**PROBLEM STATEMENT**
Only one stretch of the data below is needed. Output the lines from the one with "这两部的评级是？锦月如歌子夜归 ​​​" up to and including the one with "昭和レトロ カゴメ とんかつ ソース ホーロー看板 HK-a-05823 / 古道具", exactly as they stand.

**MATERIAL TO PROCESS**

Segment Open

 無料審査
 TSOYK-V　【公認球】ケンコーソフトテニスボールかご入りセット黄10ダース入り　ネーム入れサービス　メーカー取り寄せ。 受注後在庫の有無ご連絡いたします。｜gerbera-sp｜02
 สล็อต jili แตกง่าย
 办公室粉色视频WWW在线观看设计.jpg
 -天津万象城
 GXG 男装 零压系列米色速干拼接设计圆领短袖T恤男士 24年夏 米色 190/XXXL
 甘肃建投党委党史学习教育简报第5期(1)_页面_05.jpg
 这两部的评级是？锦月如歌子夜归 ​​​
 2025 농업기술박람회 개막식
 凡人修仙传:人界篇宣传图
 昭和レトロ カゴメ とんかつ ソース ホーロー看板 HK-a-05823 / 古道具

Segment Closed
Segment Open

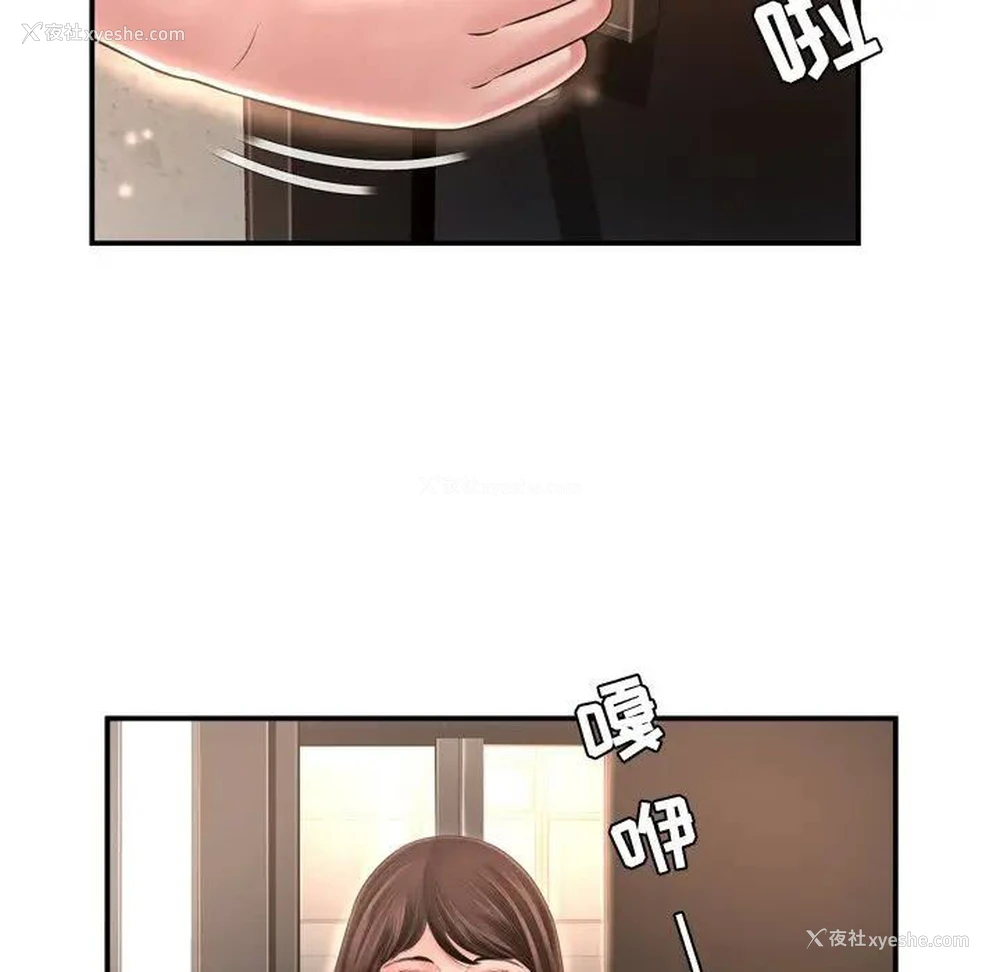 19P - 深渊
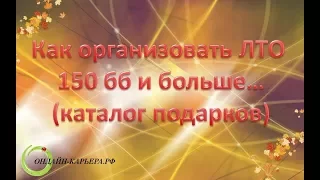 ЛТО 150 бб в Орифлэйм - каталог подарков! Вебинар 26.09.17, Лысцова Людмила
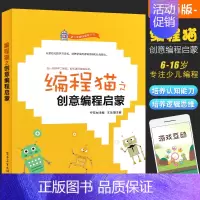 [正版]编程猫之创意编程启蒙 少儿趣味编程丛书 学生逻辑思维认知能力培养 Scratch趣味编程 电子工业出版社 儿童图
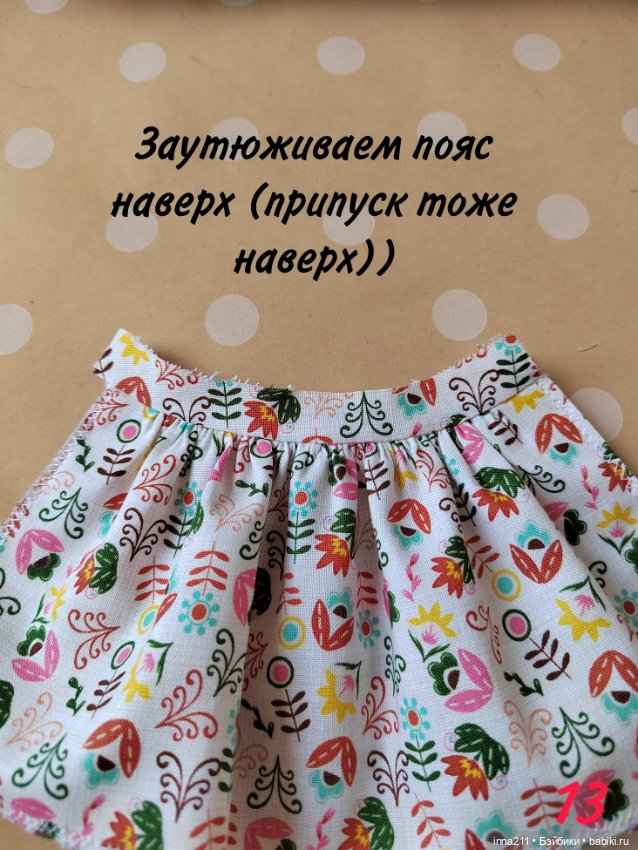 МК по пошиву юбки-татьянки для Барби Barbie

Segment Closed

**RESPONSE BOX**
 这两部的评级是？锦月如歌子夜归 ​​​
 2025 농업기술박람회 개막식
 凡人修仙传:人界篇宣传图
 昭和レトロ カゴメ とんかつ ソース ホーロー看板 HK-a-05823 / 古道具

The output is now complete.